1. Field
The present application relates to the field of laser systems, control systems for operating laser systems, and frequency conversion of light from laser diodes. In particular, various embodiments of this invention relate to temperature stabilizing systems, temperature adjusting systems, and control systems in frequency conversion laser systems.
2. Description of Related Technology
Laser diodes are developing great interest as a low cost, highly efficient source of laser light, replacing larger, more costly, and less efficient lasers. However, the available wavelengths directly emitted by diode lasers are limited. Even if a desired wavelength may be achievable, the low output power and/or poor reliability of the diode laser required to emit the desired wavelength can limit its use. In order to meet a variety of different wavelength requirements, there is interest in using diode laser systems that convert the fundamental wavelength emitted by more reliable and powerful laser diodes into the desired typically shorter wavelengths.

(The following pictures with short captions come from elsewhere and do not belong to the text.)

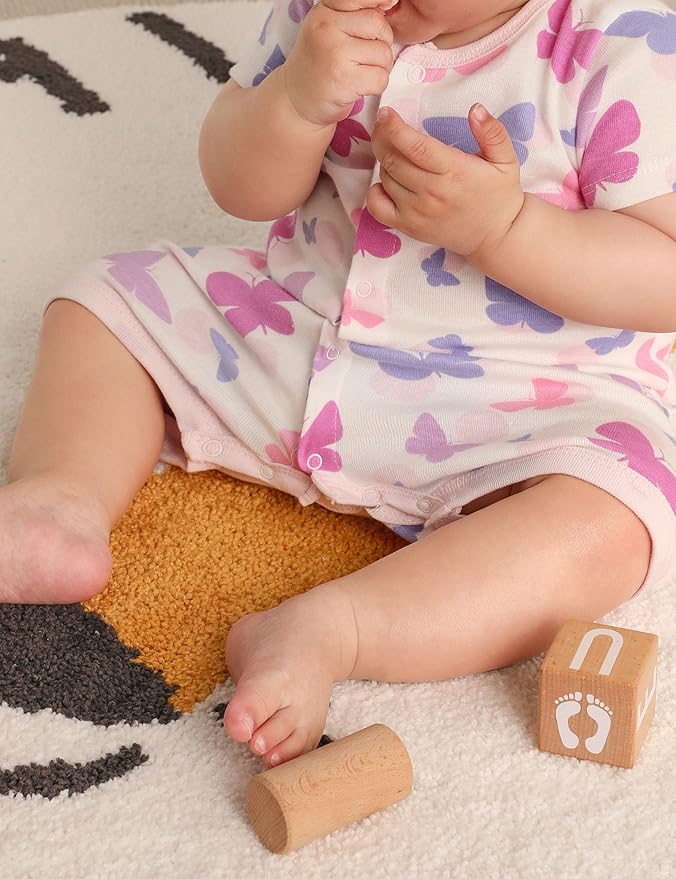 Yoofoss Baby Boy and Girl Romper 0-12 Months 100% Organic Cotton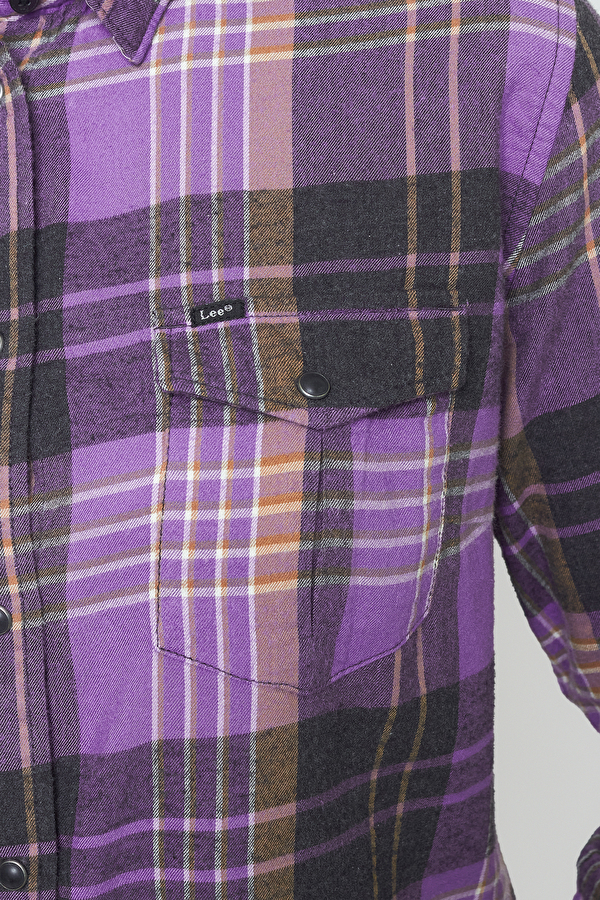 Рубашка LEE Regular Western Shirt Regular Fit (L45SXATI) Фиолетовый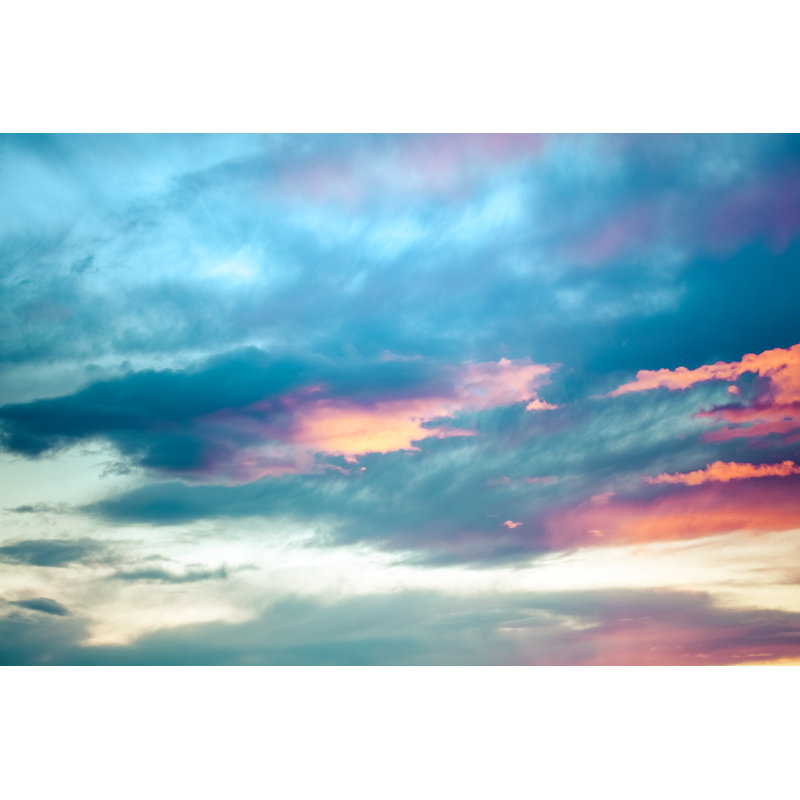 Sky & Clouds by Debibishop - Wrapped Canvas Print, 81cm H x 122cm W x 3.8cm D
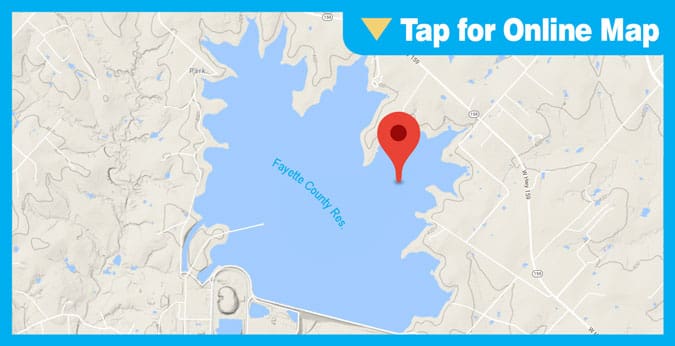 Fayette County Res: Point Off Third Boat Ramp
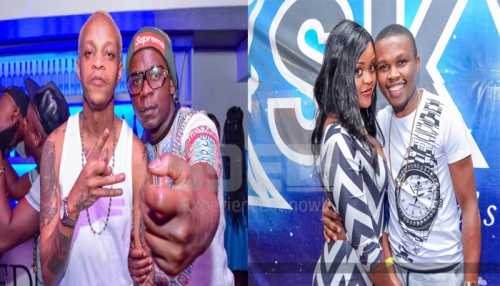 Chipukeezy with his girlfriend and CMB Prezzo at Skyluxx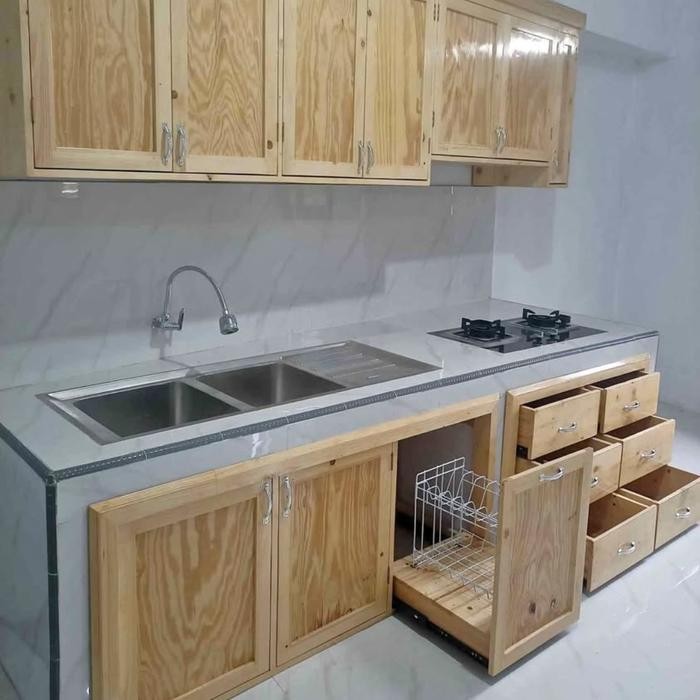 kitchen set jati belanda minimalis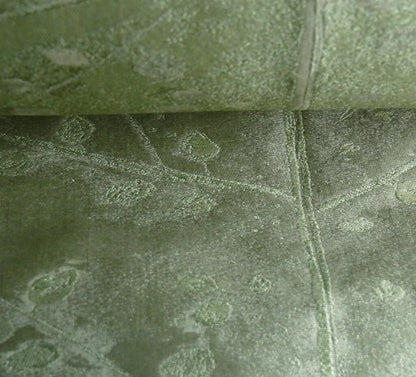 DONGHIA"Tree of Life" Silk Organza Semi-Sheer Pocket Weave Green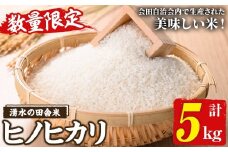 y526 ≪期間/数量限定・2025年11月上旬から順次発送予定≫鹿児島県産ヒノヒカリ 湧水の田舎米(5kg) 国産 九州産 鹿児島県産 湧水町産 5キロ お米 おこめ 米 白米 ご飯 ごはん おにぎり ひのひかり【会田米生産グループ】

For effective wavelength conversion implementations, diode laser systems are typically required to produce a precise wavelength, and often use temperature sensitive nonlinear components which require thermal stability to operate effectively. While current control systems generally regulate beam output by adjusting the current supplied to a diode laser based on a sampled output signal, they do not fully address thermal stabilization issues related to components of a frequency converted diode laser system. Furthermore, such systems do not utilize available control information to adjust the output of the diode laser or thermally control temperature sensitive components. Frequency converted laser systems have a wide range of potential applications. It would be beneficial to the art to improve the performance and stability of these types of system so that their features can be exploited in improving existing products and creating new products that have not yet been developed.